What are some ways to take advantage of this natural cycle?
Early Fall Fertilizing
In our lawn service business, we save our heaviest fertilizing of the year for the early fall. This stimulates growth and helps the grass send out tillers and runners to fill in thin spots. It also helps the grass produce the food that it stores to help it through the winter and which gets off to a good start in the spring. Our All-In-One For Lawns fertilizer (which also aerates and dethatches) contains mycorrhizae–beneficial root fungus–which will help the grass roots draw even more nutrients from the soil as it thickens the root network.
The early fall is the absolute best possible time to seed your lawn if you live in the north. The weather will be cooler and moister, and there will be less weed and disease pressure to contend with. Get new grass seed established in the early fall and it will thicken further in the spring. Seed any bare or thin areas now and up till early October.
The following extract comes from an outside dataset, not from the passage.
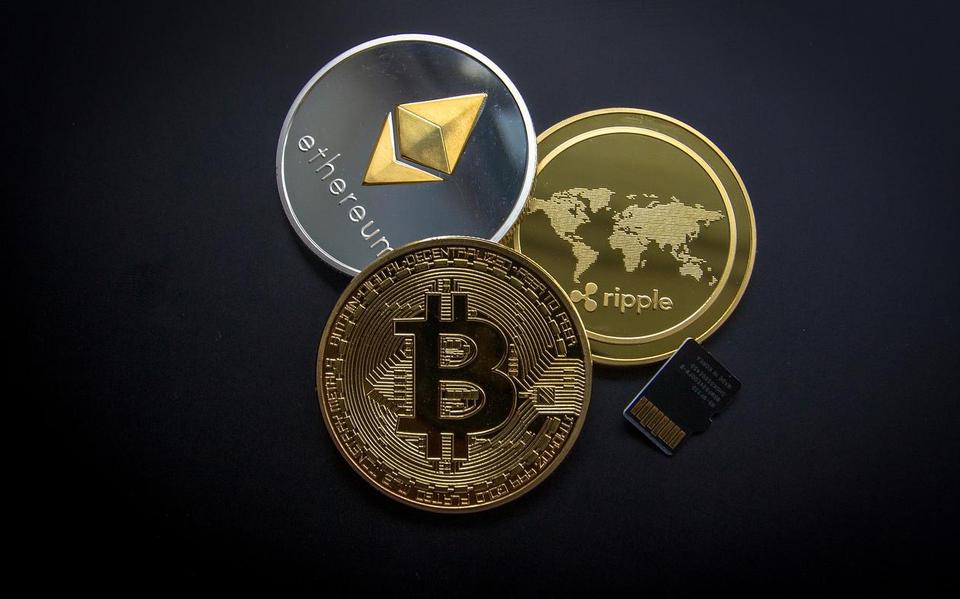 Cryptocurrencies: met onder bitcoin, links ethereum en rechts ripple. FOTO PIXABAY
There are many reasons to over-seed your lawn. Aside from thickening it up, you can introduce newer, more heat- insect- and disease-tolerant grass types. A simple overseed, if your lawn does not have a thatch barrier, can be done this way: Spread seed over the existing grass, water heavily to work the seed down to the soil. Then keep the soil damp for a few weeks.
If you do have a thatch layer in your lawn, try our Biological Dethatcher to break it down before the colder weather sets in.
Keep the grass fairly high into the early fall (unless your lawn is mostly bentgrass-which needs to be cut shorter). This will help the grass root deeper, thicken up and build up food reserves. Don’t start mowing short just because the weather turns cooler. Lawn season is not over yet!
When the lawn’s growth begins to slow down, that is your signal to begin mowing shorter. Gradually lower the mowing height so it is 1 ½ “ high or less before winter. Bentgrass lawns can be cut even shorter. Also, be sure to keep the leaves from matting up on the lawn.